Sarebbe bello nascere infrangibili. Ma questo non accade. Così ci troviamo fragili come il cristallo e duri come la pietra, a volte anche nello stesso momento.
Talvolta basta una parola che ferisce o che tradisce e ci frantumiamo. Anche il cuore più resistente ha una crepa, il punto di massima vulnerabilità, il suo unico e solo tallone d’Achille.
La ferita primaria che ci contraddistingue diventa il nostro marchio di fabbrica, il nostro danno e nostro dono. Conosciamo il mondo e gli altri, siamo attratti o respinti da un uomo o da una donna per misteriosi motivi, in realtà, è sempre lei, la crepa del cuore, che orienta lo sguardo, l’interesse, la fuga; la magia o l’anomalia (di un comportamento o di una scelta).
Durante il corso della vita facciamo finta che non ci sia, così la ignoriamo, la tacitiamo, la trasformiamo in sintomi e guai, in lenzuola stropicciate e vuote, nel deserto del cuore, in infinite chat che occupano vuoti infiniti, pur di sentirci infrangibili.
Poi, un bel giorno, quando il dolore tracima gli argini della sopportazione tocchiamo con mano che l’unico antidoto al dolore è il dolore.

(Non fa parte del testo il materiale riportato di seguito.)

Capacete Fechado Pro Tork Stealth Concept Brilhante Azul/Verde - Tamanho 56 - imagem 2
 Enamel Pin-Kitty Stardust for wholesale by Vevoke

Accarezzarlo, far pace con lui, tenerlo per mano e farci tenere per mano in direzione traversata.
Utilizzarlo come se fosse Caronte, il nostro traghettatore di fiducia.
I demoni e i traumi ci rendono infrangibili, chi ha subito un danno e chi si occupa di quelli altrui deve averne cura perché grazie a lui, oltre l’usura del tempo, diventerà infrangibile.